Generalization Error of Linearized Neural Networks: Staircase and Double-Descent


Song Mei,Stanford University


2020.06.11 10:30-11:30




Zoom ID: 964-201-02658
Password: 738669

If you cannot log in the above Zoom ID, please use the following one instead:
Zoom ID: 266-664-3379
Password: 738669


Deep learning methods operate in regimes that defy the traditional statistical mindset. Neural network architectures often contain more parameters than training samples, and are so rich that they can interpolate the observed labels. Despite their huge complexity, the same architectures achieve small generalization error on test data.

As one possible explanation to the training efficiency of neural networks, tangent kernel theory argues that multi-layers neural networks — in a proper large width limit — can be well approximated by their linearization. As a consequence, the gradient flow on the empirical risk turns into a linear dynamics and converges to a global minimizer of the training loss. Starting from last year, such linearization has become a popular approach in analyzing training dynamics of neural networks.
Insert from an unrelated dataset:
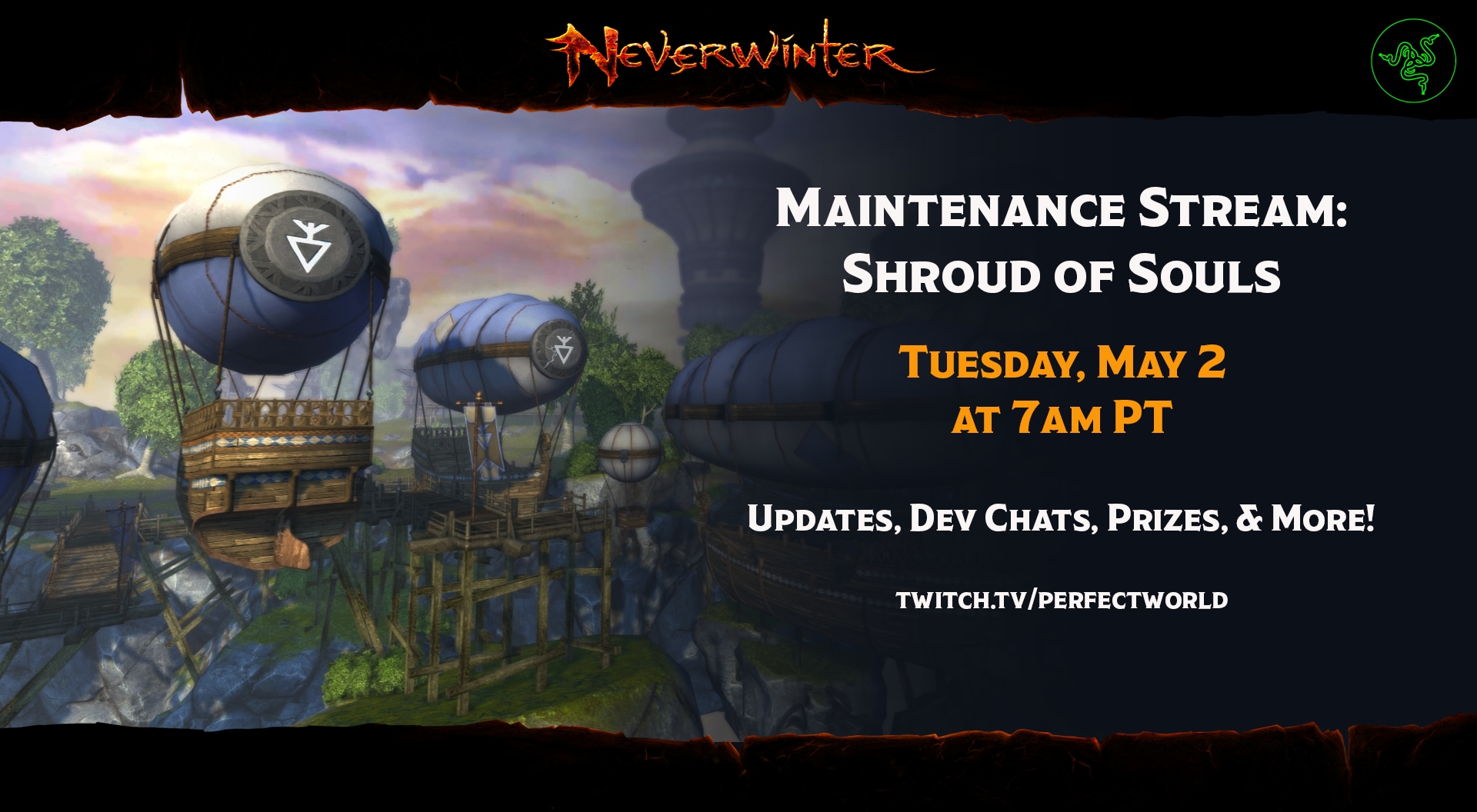 Maintenance Stream May 2 Neverwinter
This naturally raises the question of whether the linearization perspective can also explain the generalization efficacy of neural networks.

In this talk, I will discuss the generalization error of linearized neural networks, which reveals two interesting phenomena: the staircase phenomenon and the double-descent phenomenon. Through the lens of these phenomena, I will address the benefits and limitations of the linearization approach for neural networks.
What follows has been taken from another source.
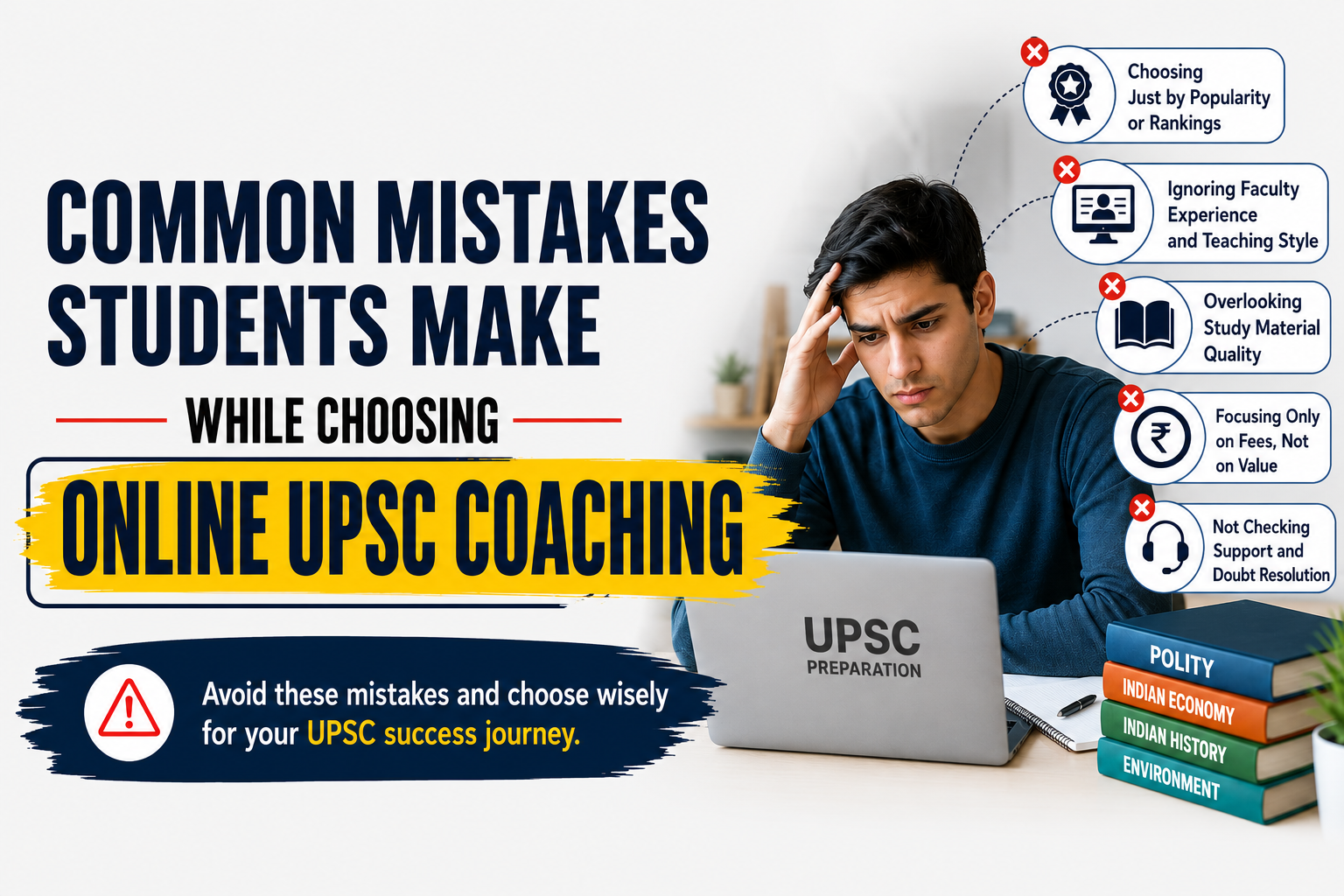 Common Mistakes Students Make While Choosing Online UPSC Coaching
Song Mei is a Ph.D. student major in Applied Mathematics and Statistics at Stanford University. His research is motivated by data science, and lies at the intersection of statistics, machine learning, information theory, and computer science. His work often builds on insights that originated within the statistical physics literature. His recent research interests include theory of deep learning, high dimensional geometry, approximate Bayesian inferences, and applied random matrix theory.